Data for analysis:
::::::

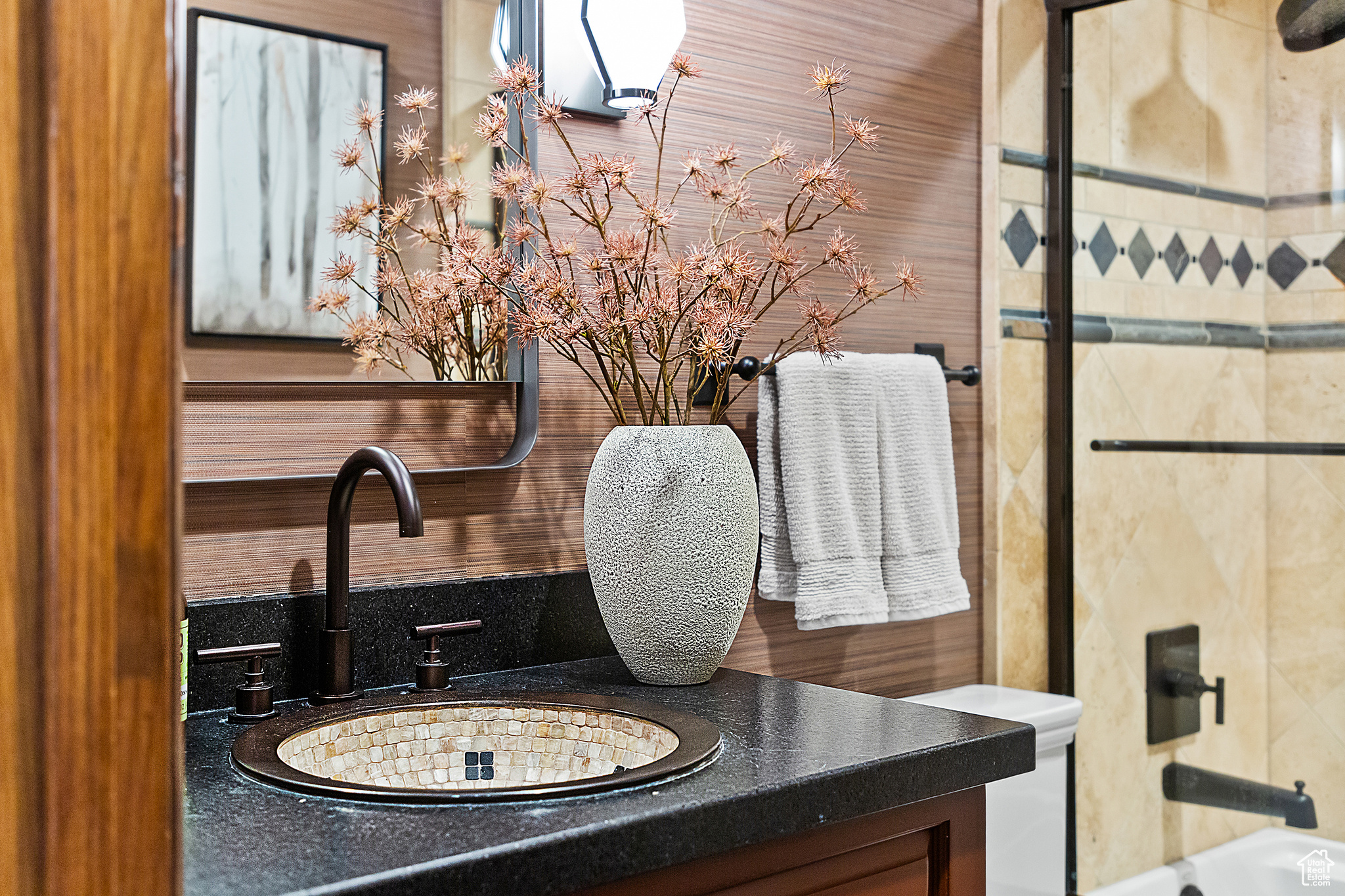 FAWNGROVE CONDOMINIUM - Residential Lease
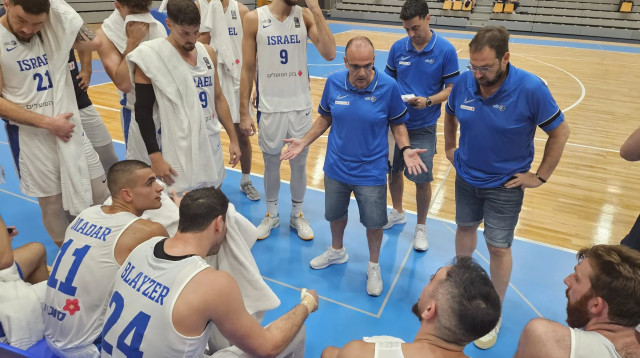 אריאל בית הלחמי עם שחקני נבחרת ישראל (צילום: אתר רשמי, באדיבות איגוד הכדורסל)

::::::

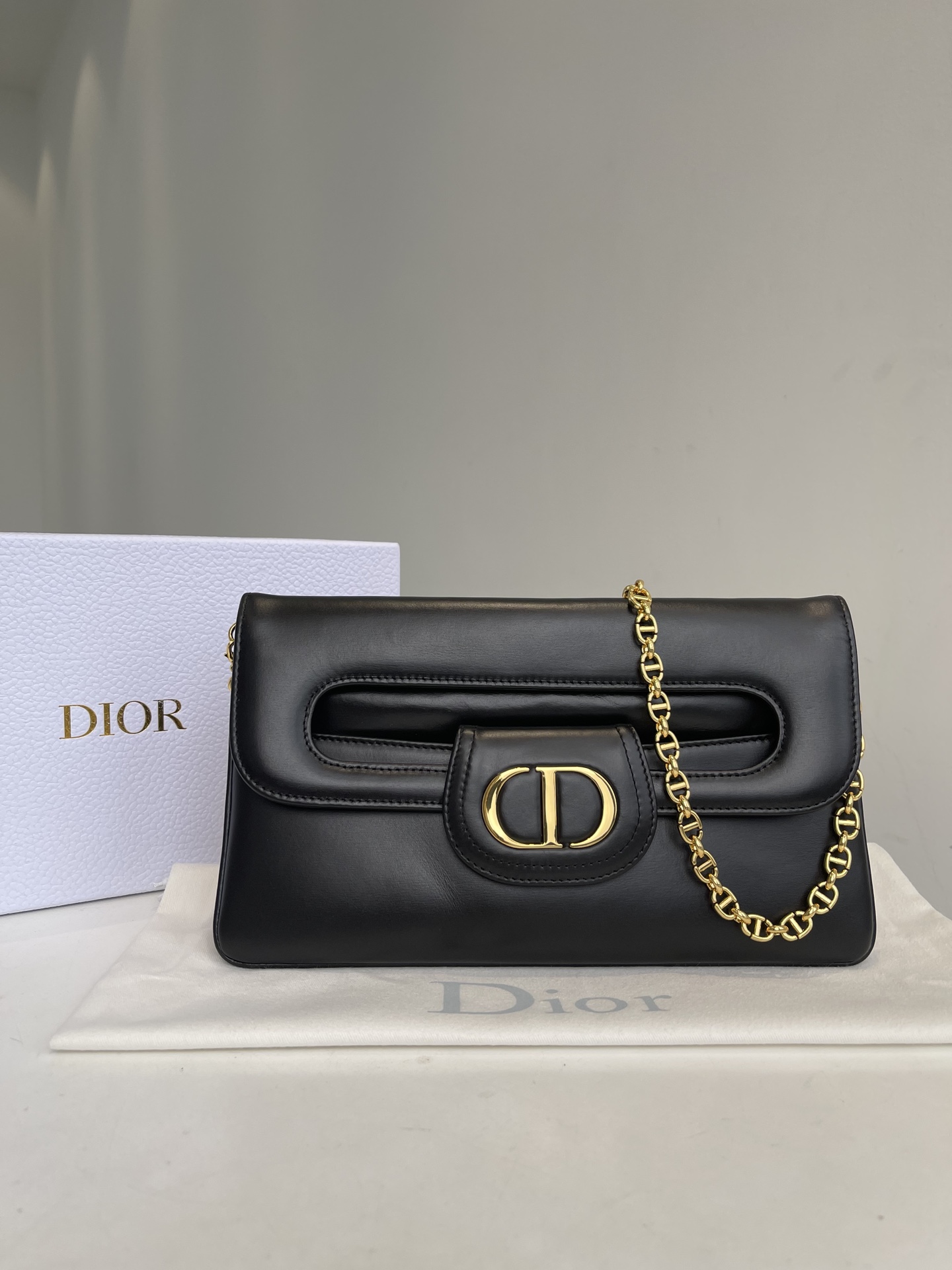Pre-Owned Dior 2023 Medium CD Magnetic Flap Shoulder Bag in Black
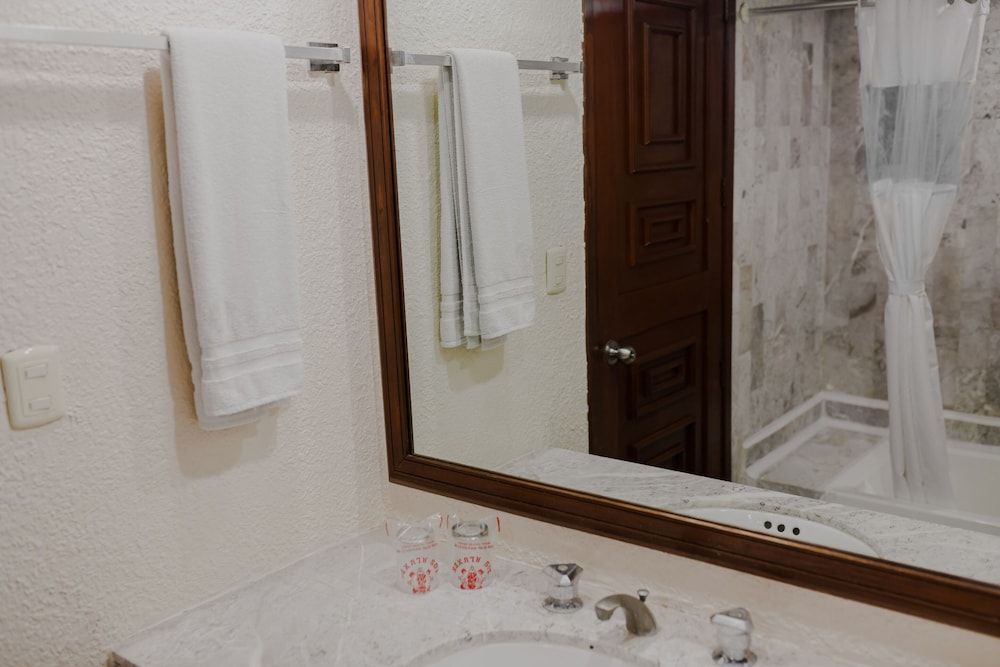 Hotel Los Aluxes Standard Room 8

::::::

Your answer should consist of the lines above between those holding "FAWNGROVE CONDOMINIUM - Residential Lease" and "אריאל בית הלחמי", inclusive, reproduced word for word and without pictures.

 FAWNGROVE CONDOMINIUM - Residential Lease
 אריאל בית הלחמי עם שחקני נבחרת ישראל (צילום: אתר רשמי, באדיבות איגוד הכדורסל)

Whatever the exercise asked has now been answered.